You might be better off with the ones that you can lift the pannel covering the winscreen as its handy when you are on a site for a few days not to have to take them fully off to let a bit of light in.

But I would buy either as they are so simular, it depnds of the price your happy with.


Richard...


----------



## Grizzly (May 9, 2005)

We have a winter weight padded Taylormade and a summer weight Solarscreen from Silver Screens.

Both are very well made, fit perfectly and do what they are said to do. Both come in neat duffel bags and both were delivered in record time after a phone call to the relevant company direct. Both firms will want the details of your van - ie what cab and year.

As Gerald says however the longer screen of the Taylormade one is a good buy for extra insulation and waterproofing and it does have a let down panel so that you can see out during the day without removing the whole screen. I don't think SilverScreens do that.

G


----------



## Rapide561 (Oct 1, 2005)

*Silver screens*

Hi

I have used Taylor made screen covers in the past, and currently use Silverscreens. The latter seems to fold flatter for storage.

Also, when I bought the Silverscreens, I visited their premises in Cleckheaton and purchased some "slight seconds" that were a fair bit cheaper. The "slight second" related to the stitching was doubled in a small area.

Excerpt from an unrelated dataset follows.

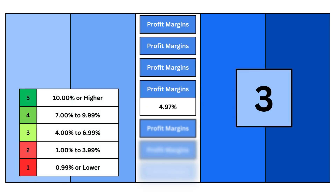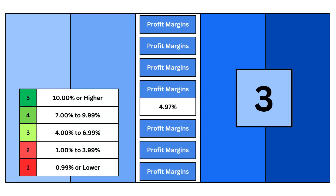The third metric is the REIT's profit margins. This tells us how effective management is running the fund to better provide shareholders with more money in their pockets.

Both performed equally well at keeping the condensation off the cab area, helping to keep the van cool in summer and warm in winter.

Regards

Russell


----------



## 107925 (Oct 27, 2007)

This is from Silverscreens' website, to show they do supply the ones which fold at the top or bottom, to give a view out of the windscreen:

"Para-Gon (Foldable) Silver Screens: Lets in daylight and gives a view out without having to take the whole thing off."

Shaun


----------



## Spacerunner (Mar 18, 2006)

I have used both Silver Screens and Taylormade, both for approx one year.
The Silver screen were as new after a years use and fitted really well, and folded up very compact.

The Taylormade ones worked just as good but, the external silvering has started to show signs of wear. The velcro has turned dingy and is rippled.
The fitting round the mirrors and doors not quite as tidy as the Silver screens.


----------



## johnandcharlie (May 2, 2007)

I've got the long Taylormade, and it's OK. Haven't tried the Silver Screen so can't compare them.

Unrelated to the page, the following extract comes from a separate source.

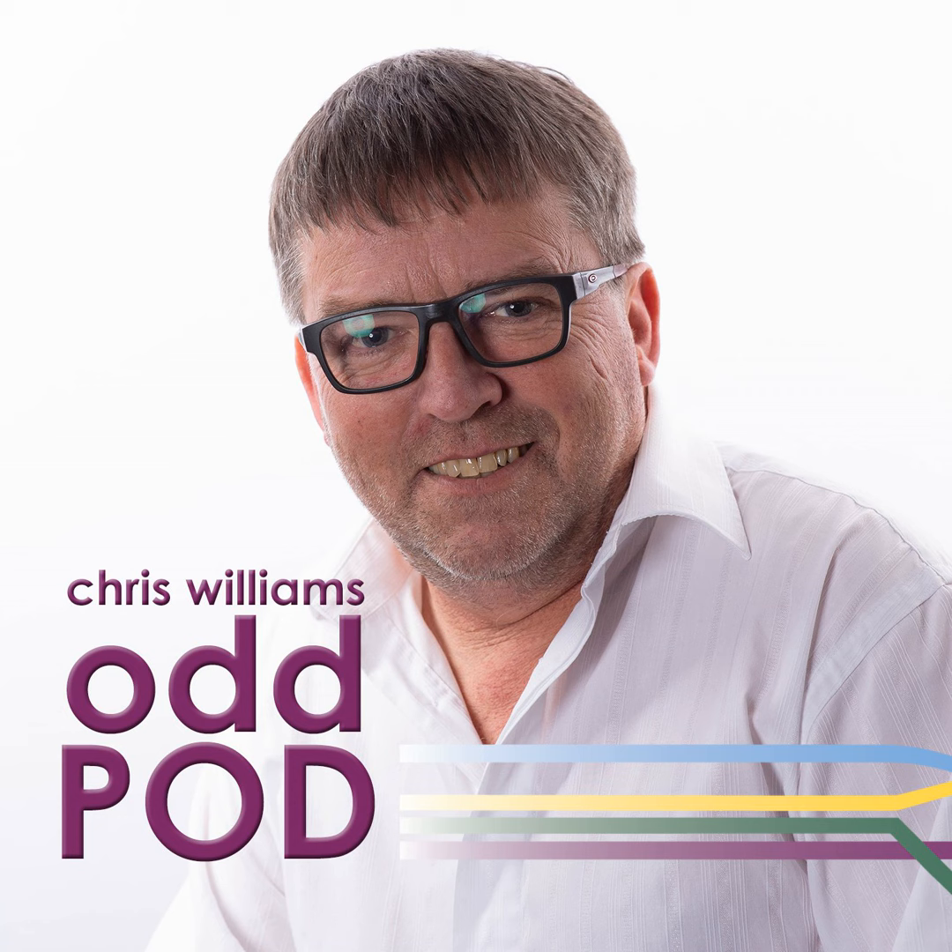Hello and welcome to another Odd Pod. We haven't done this for a while, so I thought I'd delve into the Manx Radio Archive Department, in which we have miles and miles of open-reel tape, cassette tapes, mini-discs, and audio files of broadcasts throughout the years.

However, I had a lot of trouble with wind during the winter. As I've got a panel van conversion I don't have an overcab thingy, and the wind gets under the top as well as the bottom. I've had it blow up over the roof, and the velcro ripped apart, and with less wind the elastic straps that are supposed to hold it down have come off. This probably isn't such a big problem if you're not a fulltimer.

I solved it by stretching a bungy cord across it, hooked onto the wheel arches, and have had no trouble since. In fact I use two hooked together in the middle, because that's what I had. You need to put padding on the hooks to protect the paintwork around the wheel arch.

I never remove it except when I'm travelling, and fold down the front during the day, either putting it under the bungy in windy weather to hold it down, or using a couple of clothes pegs when it's not windy.


----------



## Sonesta (May 10, 2005)

We had Silver Screens for our last motorhome bought at the York motorhome show in 2005 and then when we got our new motorhome last September we bought Taylormade ones for that as Silver Screens were not showing at any of the motorhome shows we attended last year. I must say although both are excellent products and do an excellent job I feel the Silver Screen ones have the edge as they seem to fit better and the quality feels a tad superior. 

As our new Auto Trail has the new style Fiat cab we sold our previous Silver Screens on eBay as they were for the old style Fiat Ducato and we got £80 for them, which we thought was a fantastic price (they did still look like new though) however, we never thought they would fetch that amount and with postage charges the buyer was paying nearly as much for a used set! It looks like new or used - folk will pay good money for them and now that the new Fiat cab is on the market I suspect a lot of used sets will be looking for new homes!

Sue


----------



## darach (Dec 15, 2006)

Thanks for all the replies and information, contacted both companies and it turns out Silverscreens as yet do not make the external screens for the new model Merc which therefore only leaves me with one choice.
Derek


----------